1. A taxpayer who regularly sells personal property on the installment plan, may report the income from such sales on the installment basis. The seller may treat as income that proportion of the total payments received in the taxable year from installment sales that the gross profit realized or to be realized on the total installment sales made during each year bears to the total contract price of all such sales made during that respective year.
(i) "Gross profit" means sales less cost of goods sold.
(ii) "Total contract price" includes carrying charges and interest ascertainable at the time of sale, but excludes sales tax.
(I) If state, county and city sales taxes are imposed on the consumer, and collected by the seller and remitted to the taxing agency, such sales taxes must not be included in the total contract price for purposes of computing taxable income from installment sales. Payments received are treated as applying first against the sales taxes.
(II) If carrying charges or interest are not determinable at the time of sale and not included in the total contract price, payments received will be treated as applying to such charges before the gross profit percentage is applied against the balance of the total contract price.
2. The installment method described in section 1. above applies only to dealers and to sales of inventoriable personal property.
(2) Installment Method - Transactions occurring after December 31, 1984, and before January 1, 1987.
(a) Notwithstanding the provisions of Reg. 810-3-13-.03 (Method of Accounting), and subject to the requirements and restrictions of this rule, a taxpayer may elect to report income from installment sales under the installment method.
(b) The election to report income from installment sales on the installment method must be made on or before the due date (with extensions) of the income tax return for the taxable year in which the installment sales occur. The election to report income from installment sales on the installment method may not be made, changed or revoked after the due date (with extensions) for the taxable year in which the installment sales occur.
1. The election to report on the installment method is made by including a statement with the income tax return for the taxable year in sufficient form to indicate the taxpayer is electing to report installment sales on the installment method, and containing details of the amounts of such installment sales, the amounts collected and included in income for the taxable year, and the amounts to be deferred to future taxable years.
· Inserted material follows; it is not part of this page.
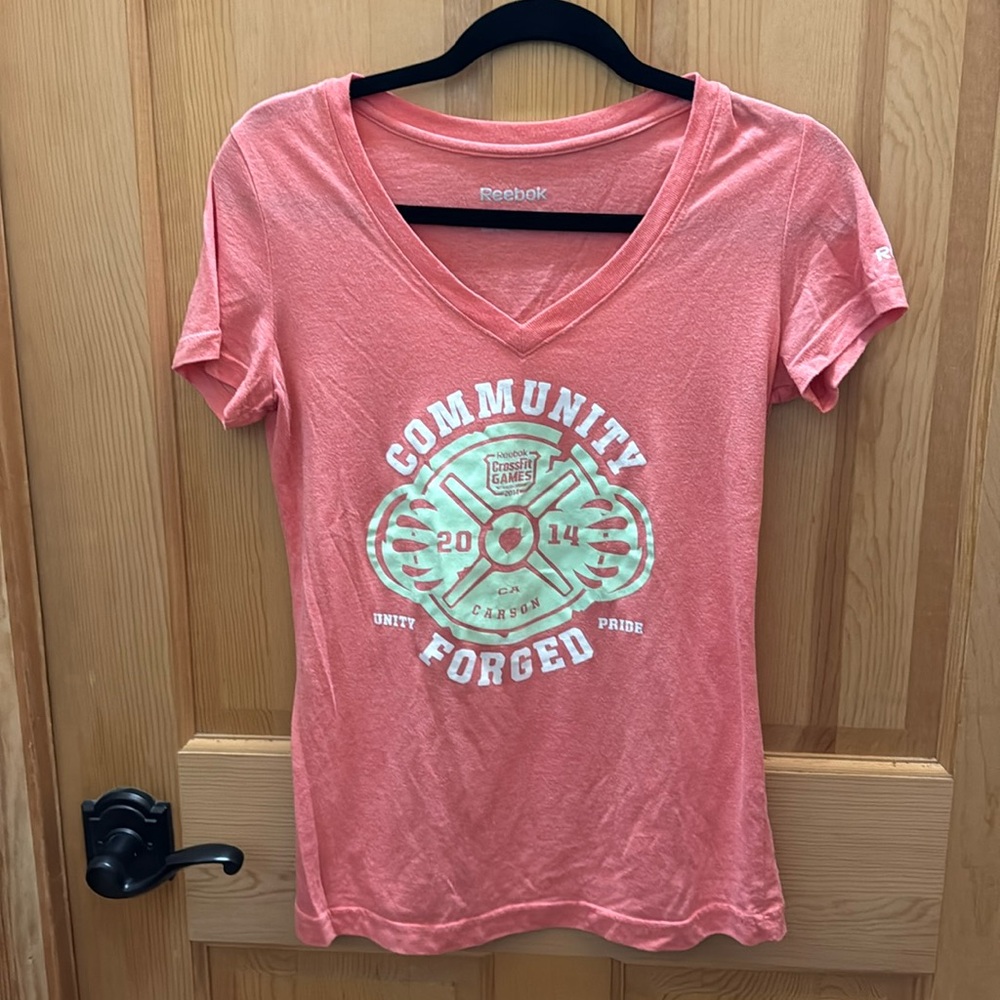 EUC Women’s Reebok CrossFit 2014 Games T-shirt. Size medium.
2. For purposes of this paragraph (2), the following terms have the meanings ascribed to them:
(i) The term "installment sale" means a disposition of property (other than property of a kind which is required to be included in the inventory of the taxpayer if on hand at the close of the taxable year) where at lease one (1) payment is to be received after the close of the taxable year in which the disposition occurs.
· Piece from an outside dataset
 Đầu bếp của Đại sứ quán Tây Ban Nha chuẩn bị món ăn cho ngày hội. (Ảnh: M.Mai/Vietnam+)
(I) The requirements of non-inventoriable property and at least one payment in a subsequent taxable year in section 1. above do not apply if the seller is a person who regularly sells or otherwise disposes of personal property on the installment plan.
(ii) The term "installment method" means a method under which the income recognized for any taxable year from a disposition is that proportion of the payments received in that year which the gross profit (realized or to be realized when payment is completed) bears to the total contract price.
(I) As used in subsection (ii) above, the total contract price of all sales of personal property on the installment plan includes the amount of carrying charges or interest and sales taxes which are determined with respect to such sales and which are added on the books of account of the seller to the established cash selling price of such property. This subsection (I) does not apply with respect to sales of personal property under a revolving credit plan.
(II) If the carrying charges or interest and sales taxes with respect to sales of personal property, the income from which is reported on the installment method, are not included in the total contract price, payments received with respect to such sales shall be treated as first applying against such carrying charges or interest and sales taxes.
(3) For transactions after December 31, 1986 -
(a) Unless otherwise provided an installment sale must be reported under the installment method. An installment sale means a disposition of property where at lease one payment is received after the close of the taxable year in which the disposition occurs.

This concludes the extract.